John Freeman is a Renaissance scholar with a wide range of research and teaching interests, from Shakespeare’s Hamlet to Thomas More’s Utopia to digital and popular culture (such as the MTV series “Catfish”). His recent publications include “Tupac’s ‘Holographic Resurrection’: Corporate Takeover or Rage against the Machinic?” (CTheory) and “Shakespeare’s Imitation Game, or: How Do You Solve a [Problem Set] Like Katherina?” (Symploke).

Brian Glavey is an Associate Professor of English at the University of South Carolina and the author of The Wallflower Avant-Garde (Oxford, 2016). He is currently working on a book on relatability and the poetics of oversharing.

Andrew Kingston is a PhD candidate in the Department of Comparative Literature at Emory University. His dissertation examines figures of corruption in the history of aesthetics and the performing arts, drawing on the work of Jacques Derrida, Stéphane Mallarmé, Arnold Schoenberg, and others. He has published on Derrida and Hegel.

Michael Millner teaches English and American Studies at the University of Massachusetts in Lowell, where he will serve as the Nancy Donahue Endowed Professor of the Arts beginning in 2020. He is currently working on a narrative history of the Dylan-Warhol meeting in 1965. This essay is part of a larger project investigating how recent research in cognitive science has shaped political economy. More information about his scholarship and teaching is available at michaelmillner.com.

Marina Peterson is Associate Professor of Anthropology at the University of Texas at Austin. She is the author of Sound, Space, and the City: Civic Performance in Downtown Los Angeles (UPenn Press), and has co-edited volumes on anthropology and the arts and global downtowns. Her work explores sound, sensation, and urban infrastructures below and above ground, with research primarily in Los Angeles and Appalachia. Her forthcoming book is Atmospheric Noise: Aerial Matters in Los Angeles (Duke UP).

Steven Swarbrick is Assistant Professor of English at Baruch College, CUNY. His research spans sixteenth- and seventeenth-century English literature, queer theory, environmental humanities, film, and disability studies. His current book project is titled “Materialism without Matter: Environmental Poetics from Spenser to Milton.” He is working on a second book project provisionally titled “Deleuze and the Intolerable: Cinema at the End of the World.” His essays have appeared or are forthcoming in journals including Cultural Critique, JNT, and Criticism, as well as in several edited anthologies, including Queer Milton.
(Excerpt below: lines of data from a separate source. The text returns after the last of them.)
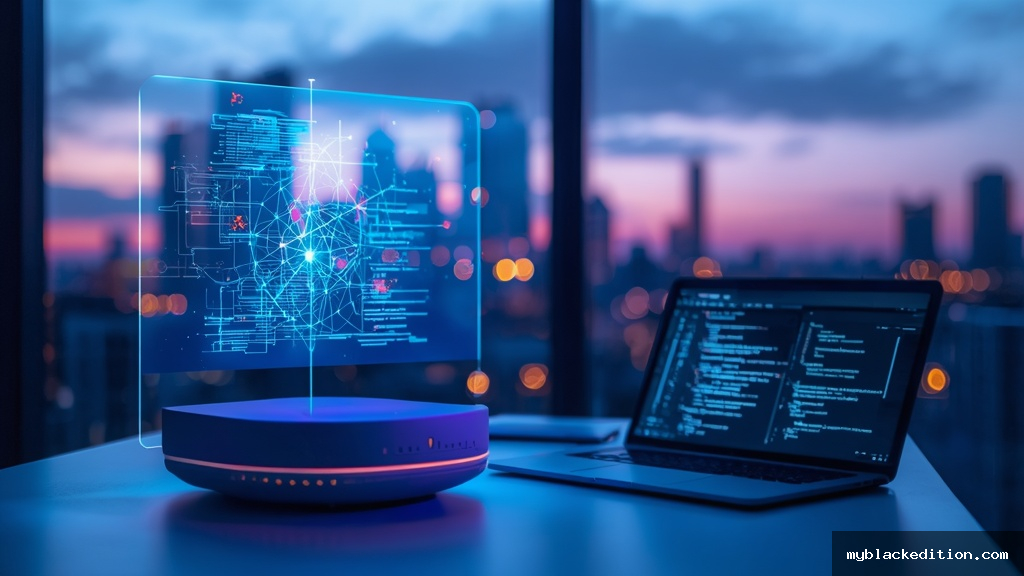 Estação de trabalho futurista com display holográfico exibindo redes neurais e visualizações de dados de inteligência artificial em 2026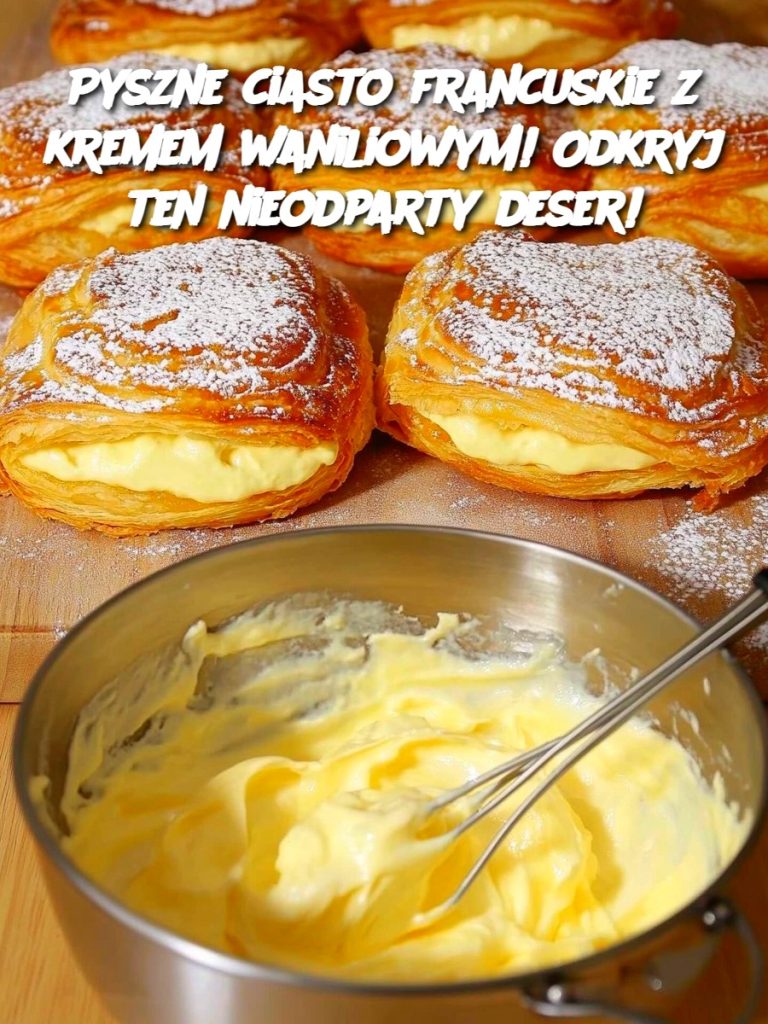 Pyszne ciasto francuskie z kremem waniliowym! Odkryj ten nieodparty deser!
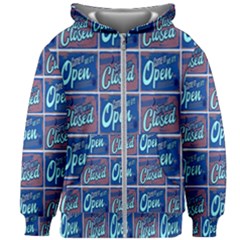 Open-closed-1 Kids  Zipper Hoodie Without Drawstring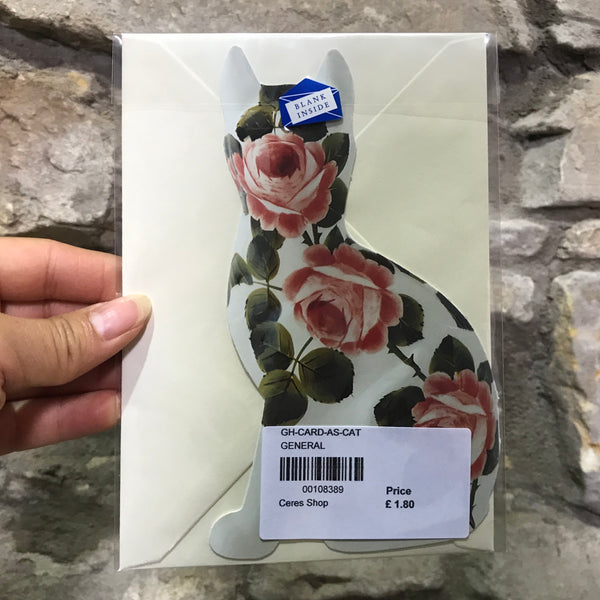 Cabbage Rose Cat Card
Mikko Tuhkanen is Associate Professor of English at Texas A&M University, where he teaches African American and African-diasporic literatures, LGBTQ literatures, and literary theory. His most recent books include The Essentialist Villain: On Leo Bersani (2018) and The Cambridge History of Gay and Lesbian Literature (2014), co-edited with E. L. McCallum. He has published in diacritics, differences, American Literature, Cultural Critique, James Baldwin Review, and elsewhere.